On the basis of test results obtained by a tester provided with plural testing portions, each of the testing portions testing a plurality of semiconductor chips formed on a wafer substrate, the method for displaying test results of the first aspect and the apparatus for displaying test results of the fifth aspect effect processing on the basis of a display program for displaying on a same screen of displaying means two types of information which are a first information which expresses test results of the semiconductor chips in accordance with positions of the semiconductor chips on the wafer substrate, and second information which expresses test results of the semiconductor chips for the respective testing portions of the tester.
This display program is recorded on a recording medium that can be read by a computer, as in the ninth aspect. Thus, the display program can be applied such that after the display program is installed from the recording medium onto a predetermined region of the apparatus for displaying test results, the apparatus for displaying test results is controlled by the program, or such that the display program is directly read from the recording medium and the apparatus for displaying test results is controlled by the program.
Furthermore, in addition to the display program as in the ninth aspect, the recording medium according to the tenth aspect further includes a parallel display program for displaying in a parallel manner and on the same screen at least two sets of the two types of information inputted independently from at least two of the testers, is also recorded on the recording medium. The apparatus for displaying test results as in sixth aspect carries out processing on the basis of this parallel display program.

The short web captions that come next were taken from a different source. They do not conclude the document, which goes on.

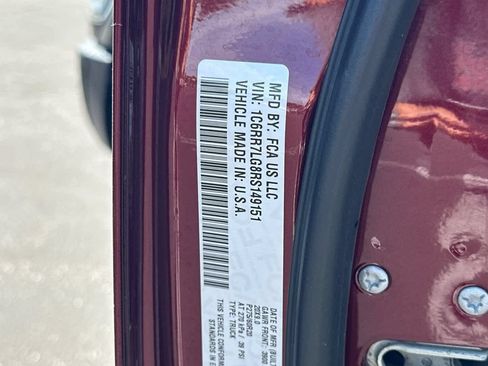 Used 2024 RAM 1500 Warlock AWD/4WD image 27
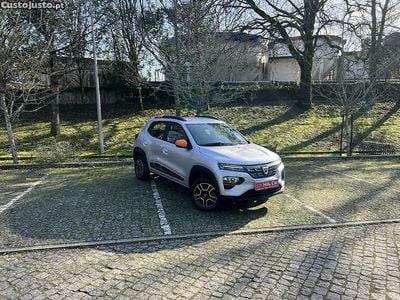 Usado Dacia Spring Comfort Plus 33 kW (45 HP) 2021 Cinza Citadino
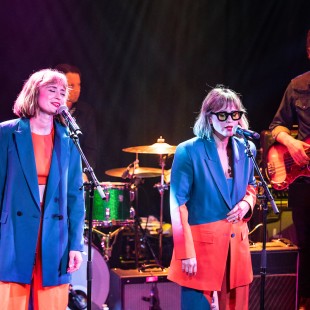 Lucius perform at the AmericanaFest Pre-Grammy Salute to Lucinda Williams.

This parallel display program can be applied such that after the display program is installed from the recording medium onto a predetermined region of the apparatus for displaying test results, the apparatus for displaying test results is controlled, or such that the display program is directly read from the recording medium and the apparatus for displaying test results is controlled.
Furthermore, in addition to the display program as in the ninth or tenth aspect, the recording medium in eleventh aspect further includes a display switching program for switching the display mode of the displaying means between at least three display modes which are a first display mode for displaying only the first information, a second display mode for displaying only the second information, and a third display mode for displaying the first information and the second information. The apparatus for displaying test results of as in seventh aspect carries out processing on the basis of the display switching program.
The display switching program can be applied such that after the display program is installed from the recording medium onto a predetermined region of the apparatus for displaying test results, the apparatus for displaying test results is controlled, or such that the display program is directly read from the recording medium and the apparatus for displaying test results is controlled.
The test results of the first information may be a quality level of the semiconductor chip that is determined each time in accordance with the test contents and the required test results. Furthermore, the test results of the second information may be actual test results such as the quality level of the semiconductor chips, in the same manner as the first information. However, the second information may be at least one of a detection rate of poor products (defective semiconductor chips) or a value reflecting a detection rate as can be seen in the forth, eighth and twelfth aspects. The setting of the second information in this manner is preferable because abnormalities in the test results of the test portions can be clearly displayed.